More specifically, Mr Whelan said that an article published in the Irish Examiner on July 17th inaccurately reported an MSCI report detailing property growth rates in Northern Ireland. A property economist was misquoted in the article, he alleged.

Mr Whelan states that the composition of the assets in Project Eagle, is “not directly comparable” to the MSCI report.

“Project Eagle contained a significant proportion of lower quality land and development assets and other assets that would not fit institutions’ investment criteria,” he wrote. Moreover, some 77 per cent of the MSCI portfolio are based in Belfast, with the rest in Northern Ireland. Fifty per cent of the Project Eagle portfolio was based in NI and, of this, just 43 per cent was in Belfast.
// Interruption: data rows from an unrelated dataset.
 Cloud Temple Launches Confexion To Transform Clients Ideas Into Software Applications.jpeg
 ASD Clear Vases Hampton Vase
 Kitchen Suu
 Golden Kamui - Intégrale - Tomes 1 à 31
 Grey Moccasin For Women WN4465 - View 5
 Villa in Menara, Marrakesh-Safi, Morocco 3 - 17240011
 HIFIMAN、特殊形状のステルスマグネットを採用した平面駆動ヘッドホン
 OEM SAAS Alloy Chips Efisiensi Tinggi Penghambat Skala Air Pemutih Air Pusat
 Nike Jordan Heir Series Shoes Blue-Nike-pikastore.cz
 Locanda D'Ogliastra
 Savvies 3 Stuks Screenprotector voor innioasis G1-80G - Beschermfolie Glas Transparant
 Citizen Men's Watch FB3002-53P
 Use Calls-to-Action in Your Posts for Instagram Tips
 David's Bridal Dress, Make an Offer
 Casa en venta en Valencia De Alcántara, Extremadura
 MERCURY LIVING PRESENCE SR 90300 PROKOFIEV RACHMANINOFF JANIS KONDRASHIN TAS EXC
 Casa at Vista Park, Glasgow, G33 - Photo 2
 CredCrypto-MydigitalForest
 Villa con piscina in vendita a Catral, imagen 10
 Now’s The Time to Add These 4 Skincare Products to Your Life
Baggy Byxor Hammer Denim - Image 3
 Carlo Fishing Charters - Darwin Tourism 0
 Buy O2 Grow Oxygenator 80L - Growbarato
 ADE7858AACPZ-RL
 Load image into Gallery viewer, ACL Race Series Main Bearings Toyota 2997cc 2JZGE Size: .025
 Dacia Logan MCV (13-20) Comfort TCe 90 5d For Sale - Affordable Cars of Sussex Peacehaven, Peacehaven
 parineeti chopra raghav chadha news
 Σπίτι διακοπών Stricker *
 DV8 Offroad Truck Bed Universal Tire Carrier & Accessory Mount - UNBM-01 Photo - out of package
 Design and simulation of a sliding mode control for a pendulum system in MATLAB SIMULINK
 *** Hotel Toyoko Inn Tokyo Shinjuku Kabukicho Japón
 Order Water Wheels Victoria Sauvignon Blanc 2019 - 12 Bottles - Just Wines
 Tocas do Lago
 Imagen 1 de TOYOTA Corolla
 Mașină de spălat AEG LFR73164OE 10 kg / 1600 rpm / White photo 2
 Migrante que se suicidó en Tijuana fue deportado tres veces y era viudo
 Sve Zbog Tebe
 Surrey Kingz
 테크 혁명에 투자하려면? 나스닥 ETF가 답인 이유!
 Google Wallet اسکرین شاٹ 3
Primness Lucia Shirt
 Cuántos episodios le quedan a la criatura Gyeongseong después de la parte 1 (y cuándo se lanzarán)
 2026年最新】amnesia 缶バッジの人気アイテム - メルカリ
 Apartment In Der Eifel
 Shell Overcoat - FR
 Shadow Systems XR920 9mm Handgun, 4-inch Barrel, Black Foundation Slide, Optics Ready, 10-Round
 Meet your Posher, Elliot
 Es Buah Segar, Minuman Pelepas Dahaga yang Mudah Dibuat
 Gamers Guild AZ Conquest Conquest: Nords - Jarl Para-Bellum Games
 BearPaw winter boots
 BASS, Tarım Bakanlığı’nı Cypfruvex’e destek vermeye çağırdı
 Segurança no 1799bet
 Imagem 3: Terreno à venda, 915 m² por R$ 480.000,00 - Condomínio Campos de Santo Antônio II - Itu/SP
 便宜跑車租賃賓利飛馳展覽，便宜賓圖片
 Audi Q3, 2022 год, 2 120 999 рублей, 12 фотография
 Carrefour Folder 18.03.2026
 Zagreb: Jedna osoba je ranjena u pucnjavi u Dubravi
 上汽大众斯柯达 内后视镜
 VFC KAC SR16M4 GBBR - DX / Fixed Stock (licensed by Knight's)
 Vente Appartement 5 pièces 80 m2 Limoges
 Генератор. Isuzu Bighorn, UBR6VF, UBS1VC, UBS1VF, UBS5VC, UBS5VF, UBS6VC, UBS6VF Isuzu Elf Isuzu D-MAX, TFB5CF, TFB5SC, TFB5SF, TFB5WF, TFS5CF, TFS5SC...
“It is clear that there are very significant differences between the respective compositions of the MSCI and the Eagle portfolios and that, accordingly, it is entirely unreasonable to use MSCI data as a guide to price movements for assets in the Eagle portfolio.

As such, given the “granularity” of the Eagle portfolio, Mr Whelan writes that it is “reasonable to assume that price recovery would lag that of the assets in the MSCI portfolio”.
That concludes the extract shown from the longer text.